Task item:
Print the records exactly. Every mark must remain.

*** Supplied records

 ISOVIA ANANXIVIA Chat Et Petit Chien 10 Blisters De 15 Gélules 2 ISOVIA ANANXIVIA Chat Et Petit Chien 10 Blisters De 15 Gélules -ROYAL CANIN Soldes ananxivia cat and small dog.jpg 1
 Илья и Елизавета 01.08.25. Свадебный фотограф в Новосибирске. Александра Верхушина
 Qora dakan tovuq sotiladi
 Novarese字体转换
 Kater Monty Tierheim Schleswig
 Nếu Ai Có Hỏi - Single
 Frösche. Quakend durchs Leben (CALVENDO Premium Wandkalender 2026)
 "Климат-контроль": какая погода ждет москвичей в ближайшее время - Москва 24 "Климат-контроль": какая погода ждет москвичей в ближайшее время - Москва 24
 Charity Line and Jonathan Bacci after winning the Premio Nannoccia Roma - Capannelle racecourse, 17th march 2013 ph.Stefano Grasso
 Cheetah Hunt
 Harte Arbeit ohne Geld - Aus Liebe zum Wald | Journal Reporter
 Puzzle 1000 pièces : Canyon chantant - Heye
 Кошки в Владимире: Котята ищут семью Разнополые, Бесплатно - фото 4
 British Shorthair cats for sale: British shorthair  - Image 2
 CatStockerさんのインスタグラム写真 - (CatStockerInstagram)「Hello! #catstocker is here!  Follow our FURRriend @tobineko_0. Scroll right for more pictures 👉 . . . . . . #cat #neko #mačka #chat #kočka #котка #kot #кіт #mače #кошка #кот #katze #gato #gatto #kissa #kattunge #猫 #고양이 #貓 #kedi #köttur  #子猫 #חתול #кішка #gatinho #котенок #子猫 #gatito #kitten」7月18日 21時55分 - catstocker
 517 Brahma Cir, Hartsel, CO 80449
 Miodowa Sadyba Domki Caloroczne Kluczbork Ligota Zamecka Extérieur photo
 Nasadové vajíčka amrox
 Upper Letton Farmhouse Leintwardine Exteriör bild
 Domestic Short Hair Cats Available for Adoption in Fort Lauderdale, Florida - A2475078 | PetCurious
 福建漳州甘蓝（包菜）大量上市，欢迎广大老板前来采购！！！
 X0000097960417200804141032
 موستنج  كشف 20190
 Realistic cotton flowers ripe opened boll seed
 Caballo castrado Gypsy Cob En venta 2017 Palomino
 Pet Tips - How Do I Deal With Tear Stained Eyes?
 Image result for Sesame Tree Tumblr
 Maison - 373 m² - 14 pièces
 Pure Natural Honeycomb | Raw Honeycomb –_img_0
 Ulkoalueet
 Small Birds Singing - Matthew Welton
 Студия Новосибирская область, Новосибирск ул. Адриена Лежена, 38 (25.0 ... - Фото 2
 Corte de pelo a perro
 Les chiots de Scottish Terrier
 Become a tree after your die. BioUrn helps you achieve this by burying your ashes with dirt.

******

Response for this exercise:
 ISOVIA ANANXIVIA Chat Et Petit Chien 10 Blisters De 15 Gélules 2 ISOVIA ANANXIVIA Chat Et Petit Chien 10 Blisters De 15 Gélules -ROYAL CANIN Soldes ananxivia cat and small dog.jpg 1
 Илья и Елизавета 01.08.25. Свадебный фотограф в Новосибирске. Александра Верхушина
 Qora dakan tovuq sotiladi
 Novarese字体转换
 Kater Monty Tierheim Schleswig
 Nếu Ai Có Hỏi - Single
 Frösche. Quakend durchs Leben (CALVENDO Premium Wandkalender 2026)
 "Климат-контроль": какая погода ждет москвичей в ближайшее время - Москва 24 "Климат-контроль": какая погода ждет москвичей в ближайшее время - Москва 24
 Charity Line and Jonathan Bacci after winning the Premio Nannoccia Roma - Capannelle racecourse, 17th march 2013 ph.Stefano Grasso
 Cheetah Hunt
 Harte Arbeit ohne Geld - Aus Liebe zum Wald | Journal Reporter
 Puzzle 1000 pièces : Canyon chantant - Heye
 Кошки в Владимире: Котята ищут семью Разнополые, Бесплатно - фото 4
 British Shorthair cats for sale: British shorthair  - Image 2
 CatStockerさんのインスタグラム写真 - (CatStockerInstagram)「Hello! #catstocker is here!  Follow our FURRriend @tobineko_0. Scroll right for more pictures 👉 . . . . . . #cat #neko #mačka #chat #kočka #котка #kot #кіт #mače #кошка #кот #katze #gato #gatto #kissa #kattunge #猫 #고양이 #貓 #kedi #köttur  #子猫 #חתול #кішка #gatinho #котенок #子猫 #gatito #kitten」7月18日 21時55分 - catstocker
 517 Brahma Cir, Hartsel, CO 80449
 Miodowa Sadyba Domki Caloroczne Kluczbork Ligota Zamecka Extérieur photo
 Nasadové vajíčka amrox
 Upper Letton Farmhouse Leintwardine Exteriör bild
 Domestic Short Hair Cats Available for Adoption in Fort Lauderdale, Florida - A2475078 | PetCurious
 福建漳州甘蓝（包菜）大量上市，欢迎广大老板前来采购！！！
 X0000097960417200804141032
 موستنج  كشف 20190
 Realistic cotton flowers ripe opened boll seed
 Caballo castrado Gypsy Cob En venta 2017 Palomino
 Pet Tips - How Do I Deal With Tear Stained Eyes?
 Image result for Sesame Tree Tumblr
 Maison - 373 m² - 14 pièces
 Pure Natural Honeycomb | Raw Honeycomb –_img_0
 Ulkoalueet
 Small Birds Singing - Matthew Welton
 Студия Новосибирская область, Новосибирск ул. Адриена Лежена, 38 (25.0 ... - Фото 2
 Corte de pelo a perro
 Les chiots de Scottish Terrier
 Become a tree after your die. BioUrn helps you achieve this by burying your ashes with dirt.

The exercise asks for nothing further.